High-Rise is by no means the first film to centre its action around Brutalist architecture. Myriad films have been been inspired by or creatively utilised Brutalist design; from contemporary films  such as A Clockwork Orange (filmed on the Thamesmead estate) and Get Carter to the surrealist dystopias of Brazil and Blade Runner. Although disparate in their stories, all these films are linked by the emphasis on human relationships and the social prisons they are trapped in while paradoxically offering up the cinematic escapism we often crave. The buildings seem to resonate with their situation, highlighting a truth that  it is society and not the buildings that are imprisoning them. As Ballard pointed out; “It’s very difficult to find the “real” as the environment is totally manufactured.”  

 

The social-surrealist prisons that dominate many of Ballard’s work are perhaps not surprising. Born in Shanghai to British parents, he and his family were interned for two years by the Japanese during World War II before he was repatriated to the UK. The most obvious example of the experience is the fictional retelling in celebrated novel Empire of the Sun; his most commercially popular work that was later adapted into an award- winning film by Stephen Spielberg. Ballard, with his ever-humorous mind, transcended the themes of his childhood with a captivating play on social confinement.

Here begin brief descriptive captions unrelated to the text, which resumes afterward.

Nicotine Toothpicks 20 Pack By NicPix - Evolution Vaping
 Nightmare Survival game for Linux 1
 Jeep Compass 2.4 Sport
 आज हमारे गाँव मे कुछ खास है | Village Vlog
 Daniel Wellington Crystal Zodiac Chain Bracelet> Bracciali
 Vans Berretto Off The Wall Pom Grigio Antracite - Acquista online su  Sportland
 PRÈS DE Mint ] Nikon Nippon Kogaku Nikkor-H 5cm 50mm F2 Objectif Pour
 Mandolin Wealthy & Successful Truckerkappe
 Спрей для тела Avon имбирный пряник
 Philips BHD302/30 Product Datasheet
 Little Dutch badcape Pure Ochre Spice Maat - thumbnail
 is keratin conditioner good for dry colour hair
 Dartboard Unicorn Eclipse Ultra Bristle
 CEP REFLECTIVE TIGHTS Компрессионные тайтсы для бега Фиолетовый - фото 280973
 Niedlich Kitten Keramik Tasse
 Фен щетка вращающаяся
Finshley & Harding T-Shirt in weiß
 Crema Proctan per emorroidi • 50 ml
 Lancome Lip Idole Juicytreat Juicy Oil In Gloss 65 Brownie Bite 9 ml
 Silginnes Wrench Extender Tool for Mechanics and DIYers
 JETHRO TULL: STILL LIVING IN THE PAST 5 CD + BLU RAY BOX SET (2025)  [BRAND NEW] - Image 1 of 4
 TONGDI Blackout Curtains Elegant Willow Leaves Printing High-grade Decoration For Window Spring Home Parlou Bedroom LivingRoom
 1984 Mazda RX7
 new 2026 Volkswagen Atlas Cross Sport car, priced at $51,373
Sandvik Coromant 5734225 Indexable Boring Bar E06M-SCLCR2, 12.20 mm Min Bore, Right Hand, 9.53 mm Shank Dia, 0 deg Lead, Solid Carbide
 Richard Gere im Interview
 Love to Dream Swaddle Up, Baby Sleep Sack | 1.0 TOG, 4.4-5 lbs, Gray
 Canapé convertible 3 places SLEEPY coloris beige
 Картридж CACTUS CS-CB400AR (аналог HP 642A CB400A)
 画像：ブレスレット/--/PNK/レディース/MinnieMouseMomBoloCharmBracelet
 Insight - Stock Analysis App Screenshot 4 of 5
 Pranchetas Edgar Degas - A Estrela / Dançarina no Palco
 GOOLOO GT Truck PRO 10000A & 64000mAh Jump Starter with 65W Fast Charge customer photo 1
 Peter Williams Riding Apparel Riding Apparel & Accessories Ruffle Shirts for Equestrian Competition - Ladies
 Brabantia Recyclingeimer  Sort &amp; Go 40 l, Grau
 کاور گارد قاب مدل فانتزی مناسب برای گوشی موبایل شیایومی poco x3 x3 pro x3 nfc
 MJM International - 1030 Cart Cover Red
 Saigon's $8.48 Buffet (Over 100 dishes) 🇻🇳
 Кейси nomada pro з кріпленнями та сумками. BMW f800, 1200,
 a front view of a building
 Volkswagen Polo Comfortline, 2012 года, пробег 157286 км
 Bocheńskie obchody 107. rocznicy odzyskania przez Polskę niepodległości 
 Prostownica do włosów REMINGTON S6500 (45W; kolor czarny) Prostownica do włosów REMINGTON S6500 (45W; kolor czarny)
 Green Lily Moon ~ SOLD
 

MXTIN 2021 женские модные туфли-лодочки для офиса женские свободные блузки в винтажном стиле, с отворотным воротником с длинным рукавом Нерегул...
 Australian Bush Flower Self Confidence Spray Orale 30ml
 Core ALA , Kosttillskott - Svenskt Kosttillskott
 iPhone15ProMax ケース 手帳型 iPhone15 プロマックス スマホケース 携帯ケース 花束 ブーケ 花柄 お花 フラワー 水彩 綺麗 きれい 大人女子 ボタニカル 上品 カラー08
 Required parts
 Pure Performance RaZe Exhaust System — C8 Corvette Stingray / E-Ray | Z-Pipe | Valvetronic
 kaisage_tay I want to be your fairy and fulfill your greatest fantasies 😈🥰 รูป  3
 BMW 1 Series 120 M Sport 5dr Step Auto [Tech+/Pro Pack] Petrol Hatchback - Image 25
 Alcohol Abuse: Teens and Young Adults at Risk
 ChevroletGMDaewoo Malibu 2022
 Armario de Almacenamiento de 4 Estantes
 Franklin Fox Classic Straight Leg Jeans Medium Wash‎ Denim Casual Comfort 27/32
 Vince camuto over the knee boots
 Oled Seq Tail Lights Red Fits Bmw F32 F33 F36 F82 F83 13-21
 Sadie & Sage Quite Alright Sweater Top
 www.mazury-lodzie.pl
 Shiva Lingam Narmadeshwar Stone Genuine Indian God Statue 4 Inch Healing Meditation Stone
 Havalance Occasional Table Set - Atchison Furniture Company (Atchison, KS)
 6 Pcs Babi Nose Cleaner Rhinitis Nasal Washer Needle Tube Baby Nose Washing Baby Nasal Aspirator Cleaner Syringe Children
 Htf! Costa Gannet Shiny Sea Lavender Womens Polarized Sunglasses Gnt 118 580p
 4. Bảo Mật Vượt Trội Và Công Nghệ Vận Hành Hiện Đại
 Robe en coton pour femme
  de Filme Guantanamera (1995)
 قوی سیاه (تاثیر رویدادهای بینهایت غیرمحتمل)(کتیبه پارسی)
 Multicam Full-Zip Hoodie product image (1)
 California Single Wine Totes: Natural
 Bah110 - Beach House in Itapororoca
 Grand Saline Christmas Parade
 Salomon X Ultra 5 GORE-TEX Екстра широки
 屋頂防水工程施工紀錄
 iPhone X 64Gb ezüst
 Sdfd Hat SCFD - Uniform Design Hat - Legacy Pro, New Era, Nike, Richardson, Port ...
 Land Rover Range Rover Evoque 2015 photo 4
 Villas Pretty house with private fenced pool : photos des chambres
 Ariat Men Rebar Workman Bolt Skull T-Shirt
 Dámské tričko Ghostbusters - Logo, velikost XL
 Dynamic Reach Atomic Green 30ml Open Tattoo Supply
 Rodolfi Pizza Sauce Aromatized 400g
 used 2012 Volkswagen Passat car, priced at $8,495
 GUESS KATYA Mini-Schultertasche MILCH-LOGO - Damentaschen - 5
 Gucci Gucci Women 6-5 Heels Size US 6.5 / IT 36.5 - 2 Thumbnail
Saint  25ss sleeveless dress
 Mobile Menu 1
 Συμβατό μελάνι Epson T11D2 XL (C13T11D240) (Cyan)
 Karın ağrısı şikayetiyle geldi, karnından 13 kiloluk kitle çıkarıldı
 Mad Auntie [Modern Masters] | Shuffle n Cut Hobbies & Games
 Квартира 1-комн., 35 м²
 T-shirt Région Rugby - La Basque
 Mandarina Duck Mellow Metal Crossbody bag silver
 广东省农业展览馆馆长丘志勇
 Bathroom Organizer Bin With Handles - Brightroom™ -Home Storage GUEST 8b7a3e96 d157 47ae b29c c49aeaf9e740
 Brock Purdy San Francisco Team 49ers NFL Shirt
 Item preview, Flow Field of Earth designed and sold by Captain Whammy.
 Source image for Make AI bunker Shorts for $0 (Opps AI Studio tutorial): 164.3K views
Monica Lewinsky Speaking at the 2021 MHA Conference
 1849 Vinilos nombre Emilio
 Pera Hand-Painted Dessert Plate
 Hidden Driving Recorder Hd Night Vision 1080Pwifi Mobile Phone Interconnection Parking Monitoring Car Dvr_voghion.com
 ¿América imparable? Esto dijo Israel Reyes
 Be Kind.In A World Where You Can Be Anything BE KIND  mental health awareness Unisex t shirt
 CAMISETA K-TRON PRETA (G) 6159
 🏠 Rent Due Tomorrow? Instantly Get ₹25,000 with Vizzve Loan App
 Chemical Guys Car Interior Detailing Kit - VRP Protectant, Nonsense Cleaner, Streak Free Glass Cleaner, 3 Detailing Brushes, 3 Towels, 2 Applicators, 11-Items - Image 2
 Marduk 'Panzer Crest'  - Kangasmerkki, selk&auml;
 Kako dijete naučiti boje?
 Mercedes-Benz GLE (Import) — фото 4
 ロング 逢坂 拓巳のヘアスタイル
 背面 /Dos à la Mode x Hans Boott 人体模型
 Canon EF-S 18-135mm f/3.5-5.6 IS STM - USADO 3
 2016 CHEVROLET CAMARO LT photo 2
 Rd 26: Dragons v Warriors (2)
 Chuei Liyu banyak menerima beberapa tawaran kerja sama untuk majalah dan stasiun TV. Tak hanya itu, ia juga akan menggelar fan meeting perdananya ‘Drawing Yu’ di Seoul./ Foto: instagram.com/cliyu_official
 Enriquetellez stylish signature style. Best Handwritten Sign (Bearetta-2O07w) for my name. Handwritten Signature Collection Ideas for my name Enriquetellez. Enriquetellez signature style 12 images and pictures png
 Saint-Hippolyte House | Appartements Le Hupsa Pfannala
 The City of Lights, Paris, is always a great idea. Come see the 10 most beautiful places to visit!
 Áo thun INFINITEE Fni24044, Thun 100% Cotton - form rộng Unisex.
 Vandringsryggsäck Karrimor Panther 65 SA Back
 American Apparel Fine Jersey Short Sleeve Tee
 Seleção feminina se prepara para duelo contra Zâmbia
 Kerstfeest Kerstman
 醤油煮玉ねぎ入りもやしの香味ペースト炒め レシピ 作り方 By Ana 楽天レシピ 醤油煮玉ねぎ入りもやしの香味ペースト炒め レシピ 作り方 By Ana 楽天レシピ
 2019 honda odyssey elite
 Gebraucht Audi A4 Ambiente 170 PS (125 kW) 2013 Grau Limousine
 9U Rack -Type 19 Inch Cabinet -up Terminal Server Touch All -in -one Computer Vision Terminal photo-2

The inhabitants of High-Rise, a luxury tower block in which they live accordingly to class, choose to be isolated and eventually dismantle themselves, analogous to the famous violent, hyper-sexual and depraved results of ethologist John B. Calhoun’s contemporary experiment, the “behavioural sink” or “rat utopia.”

 

 

There are a number of parallels between JG Ballard’s novels and the architecture that inspired them, one most recently raised by journalist Jonathan Meades, who traced early inspiration for the Brutalist buildings to prison-like Nazi bunkers on the Channel Islands. Brutalism in London, much like the renewed interest in Ballard after the film release, is having its own mini-Renaissance. The origins of the rugged raw designs were steeped in egalitarian principles and predominantly idealised for use in easing urban overcrowding. Brutalist buildings sprung up around Europe, primarily in the guises of socially progressive government projects, shopping centres and high-rise housing; but the seemingly oppressive unfamiliarity of the new builds meant the majority of the buildings perplexed and horrified many. Of late there seems to be a celebratory attitude towards these once beleaguered structures, some innovative and some, rather predictably, purely entrepreneurial. The cultural behemoth that runs along the South Bank from the National Theatre to the Royal Festival Hall is habitually and creatively used to great communal effect. The Barbican Centre voted “Ugliest Building in London” by a dull 2003 poll  has recently rocketed in popularity. The aforementioned Balfron Tower has benefitted from a £40 million investment turning it into luxury flats. The last few times I have been to Notting Hill Carnival, some of the trendiest after- parties have been at Trellick Tower and throughout the capital, hip bars and street food joints are popping up in unlikely concrete playgrounds, selling Aperol spritzes and sourdough pizzas on the top of car parks and under train-lines.

 

There seems to me to a deliciously Ballardian irony that London, increasingly described as “a playground for the rich”, is appropriating these buildings, in a way mimicking the eclectic, evocative manner in which East Berlin has rebuilt itself, albeit with an unmistakably tame, gentrified feel. At times it seems the city is in danger of becoming culturally hollow as many young people are finding themselves priced out while council housing is being sold off and inhabitants forced to move to the outskirts or other cities altogether to make way for wealthy buyers. Watching High-Rise on screen, complete with its original ‘futuristic’ 70s setting, I can’t help but feel that JG Ballard, a self-styled “man of complete and serene ordinariness,” could foresee forty years ago great ironies and contradictions within our society, his warning cry, “the whole planet is turning into Switzerland”at times seeming terrifyingly apt.  

 

 

JG Ballard was a gifted satirist with his finger on the pulse of what makes that dark twisted human heart beat. His provocative themes and ultra-modern concerns such as climate change and social dysfunction, while often warped and pestled into the pages, gave him a reputation for being avant-garde. His visionary, imaginative take on the austere utilitarian edifices springing up around him went against the grain but, typically humble, Ballard, who died in 2009, denunciated himself as a seer; “I think I’m being left behind, you know. I’m not sure I’m a good guide anymore but I’ll do my best.” At times the current climate in London seems to be in danger of his most telling premise “I could sum up the future in one word, and that word is boring.” If that is the case and the future really is boring, I suggest taking an afternoon to sit on top of the National Theatre with a copy of High-Rise and escape to where the past was not.